The Numbers: The NHL signed a five-year, $600 million contract with Disney in 1998 to broadcast games from 1999-2004. ABC chose not to renew after ’04, and ESPN was outbid by VERSUS coming out of the lockout. They have profits in the untold hundreds of millions.
Stanley Cup Final
Stanley Cup Final
(Source: Andrew’s Dallas Stars Page)
The Story: There have been Hollywood divorces less tumultuous than the peering, immature relationship between ESPN and the NHL since 1992, when the league returned to the network after the ill-fated SportsChannel America experiment. ESPN built a network (ESPN2) on NHL games (and the highlight show, NHL2Night), then FOX tried to take the entire package away and use it to promote FX and FSN, then ESPN/ABC shelled out massive dough for said package, then ESPN slowly began lowering the number of games it showed year by year, especially after getting the NBA. Then ABC decided to ditch the league, while ESPN stayed. Then ESPN lowballed the league and the league left for VERSUS. Then Gary Bettman spent the next six years not-so-subtly pointing out that the NHL was mistreated by ESPN, and ESPN not-so-subtly pining for the league back.
Now, ESPN/ABC has a piece of everything but hockey. They own the rights to the NBA Finals and most of the playoffs, MLB and NFL regular season games, college football’s national championship game, most of the conference tournament’s in college hoops, and an unholy monopoly on American soccer.
But they don’t have hockey, and don’t think for a second that it doesn’t bug them. Look, everything that’s been said about ESPN has been said. Let’s not forget the following post from a long time ago about how ESPN nearly killed the NHL on TV:
Most importantly, as I’ve stated over and over again (and in this article), ESPN does not care about hockey as a television property. Yes, ESPN’s online coverage of the game is solid. But on the actual network, hockey is only there for it’s pompous talking heads to take a potshot at. That won’t change if we go back. Tony Kornheiser and Michael Wilbon knocked hockey when PTI was debuting when ESPN still had NHL coverage. There won’t be a fancy ESPN memo sent out if the league gets back on the airwaves saying, “Hey guys. Take it easy on hockey, eh?”
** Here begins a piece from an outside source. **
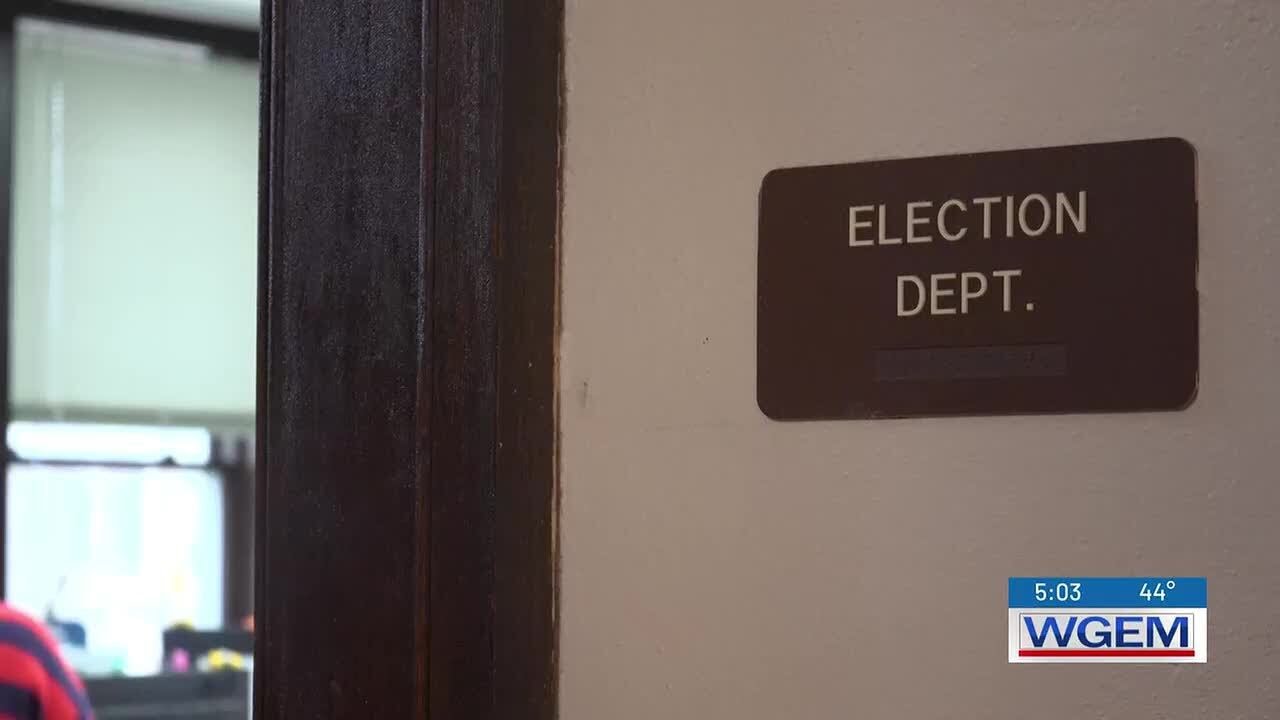 What to know about USPS postmark rules and voting by mail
Though the VERSUS/OLN and NBC partnerships haven’t been ideal, they’ve given the league some measure of stability. Hockey fans know where the games are. NBC is going to keep the league through at least next season, as the Peacock has the Olympics, and the Olympics have NHL players. You see what I’m getting at here, right? By the end of the 2009-10 season (maybe by the 2010 Stanley Cup Finals) bidding will have begun again for NHL TV rights. ESPN will be interested, but VERSUS will get first shot. This time, it should be a first bid the league should jump at, instead of falling for the ESPN song and dance twice. Though it’d still be pretty rad to see hockey on FX and Spike TV, I get the sense that the league belongs at VERSUS.
That said, ESPN has done a little better with the NHL in recent years, but the improvements aren’t quite enough. Lets also not forget: ESPN may be developing a third network in the wake of failure for ESPNews and ESPN Classic. Could they want the NHL around to put programming on an ESPN3? I don’t think that prospect is worth it for us to accept a full-time relationship with the network again.
The Verdict: I think the NHL should consider a part-time relationship with ESPN, sharing some regular season and playoff games with VERSUS. But the league would be foolish to make ESPN the only game in town once again.